Le film donne chair à la lutte pour sortir de la « lèpre » du silence, même si les personnages du père et du grand-père, eux, justifient leur volonté de se taire et de vivre hors du passé. Campé du côté de son jeune protagoniste, Elie Chouraqui, lui, élucide, montre sans relâche – il s’aventure même à représenter dans la fiction la vie à Buchenwald, dans la continuité de la jeunesse romanesque et picaresque du détenu aperçu sur la photo : cet apprenti-tailleur juif et séduisant séduit en effet une jeune et riche héritière avant de lui préférer sa belle sœur, ce qui a pour lui des conséquences tragiques. Interprété avec brio par le fils du cinéaste, César Chouraqui, ce Nathan Wagner de 1937-41 finit par faire pâlir le Nathan actuel, l’universitaire qui tombe des nues à chacune de ses découvertes, déséquilibrant le film.

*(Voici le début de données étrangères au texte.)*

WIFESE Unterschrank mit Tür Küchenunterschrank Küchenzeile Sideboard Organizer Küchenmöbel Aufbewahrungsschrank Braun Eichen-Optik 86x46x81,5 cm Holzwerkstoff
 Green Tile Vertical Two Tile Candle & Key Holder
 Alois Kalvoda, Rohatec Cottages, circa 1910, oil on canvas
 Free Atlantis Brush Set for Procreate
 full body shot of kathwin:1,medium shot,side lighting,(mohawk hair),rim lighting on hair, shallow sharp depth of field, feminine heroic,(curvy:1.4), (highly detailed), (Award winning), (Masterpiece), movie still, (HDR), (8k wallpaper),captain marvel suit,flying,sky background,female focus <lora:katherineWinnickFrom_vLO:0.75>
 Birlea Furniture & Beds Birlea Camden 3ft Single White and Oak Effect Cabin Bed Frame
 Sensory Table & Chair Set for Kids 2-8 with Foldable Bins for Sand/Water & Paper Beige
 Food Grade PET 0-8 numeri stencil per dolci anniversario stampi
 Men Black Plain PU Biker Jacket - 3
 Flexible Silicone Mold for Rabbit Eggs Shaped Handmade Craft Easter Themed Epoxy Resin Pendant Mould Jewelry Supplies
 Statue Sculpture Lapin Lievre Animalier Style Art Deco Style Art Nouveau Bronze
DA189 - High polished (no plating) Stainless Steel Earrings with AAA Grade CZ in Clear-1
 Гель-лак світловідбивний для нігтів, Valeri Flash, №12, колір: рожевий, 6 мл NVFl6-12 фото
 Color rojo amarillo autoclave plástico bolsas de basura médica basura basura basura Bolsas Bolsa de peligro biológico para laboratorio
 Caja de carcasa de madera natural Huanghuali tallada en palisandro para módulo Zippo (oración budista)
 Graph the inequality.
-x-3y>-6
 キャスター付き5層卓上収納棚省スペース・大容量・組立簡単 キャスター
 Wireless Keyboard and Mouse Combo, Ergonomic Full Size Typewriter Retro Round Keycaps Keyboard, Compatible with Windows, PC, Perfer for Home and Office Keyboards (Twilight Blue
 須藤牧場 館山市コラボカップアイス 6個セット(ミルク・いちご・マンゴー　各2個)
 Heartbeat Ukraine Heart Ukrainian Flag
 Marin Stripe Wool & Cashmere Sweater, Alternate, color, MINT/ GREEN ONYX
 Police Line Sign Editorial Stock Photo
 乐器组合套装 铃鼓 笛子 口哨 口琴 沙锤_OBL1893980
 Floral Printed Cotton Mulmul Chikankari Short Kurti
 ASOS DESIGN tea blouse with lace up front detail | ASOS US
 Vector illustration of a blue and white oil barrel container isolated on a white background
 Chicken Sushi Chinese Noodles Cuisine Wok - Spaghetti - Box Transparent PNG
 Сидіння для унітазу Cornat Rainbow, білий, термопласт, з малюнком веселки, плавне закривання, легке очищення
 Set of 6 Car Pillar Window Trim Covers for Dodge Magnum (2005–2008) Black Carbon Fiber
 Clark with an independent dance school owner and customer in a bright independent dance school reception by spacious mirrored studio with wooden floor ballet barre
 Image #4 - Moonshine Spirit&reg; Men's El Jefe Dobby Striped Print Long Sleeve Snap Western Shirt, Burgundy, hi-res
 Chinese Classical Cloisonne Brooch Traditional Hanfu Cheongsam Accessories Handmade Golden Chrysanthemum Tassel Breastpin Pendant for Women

Reste une pléiade d’acteurs aussi expérimentés que Catherine Samie, Michel Bouquet et Richard Berry, qui font le trait d’union entre une fiction au passé un peu rétro et les potentialités de jeu qu’offrent les situations de 2014. L’Origine de la violence porte les qualités et les défauts de la soif explicative de son jeune héros. Mais il lui emprunte aussi une fougue communicative, une envie de raconter, quitte à faire du cinéma « de papa » – c’est-à-dire, dans son cas, de grand-papa.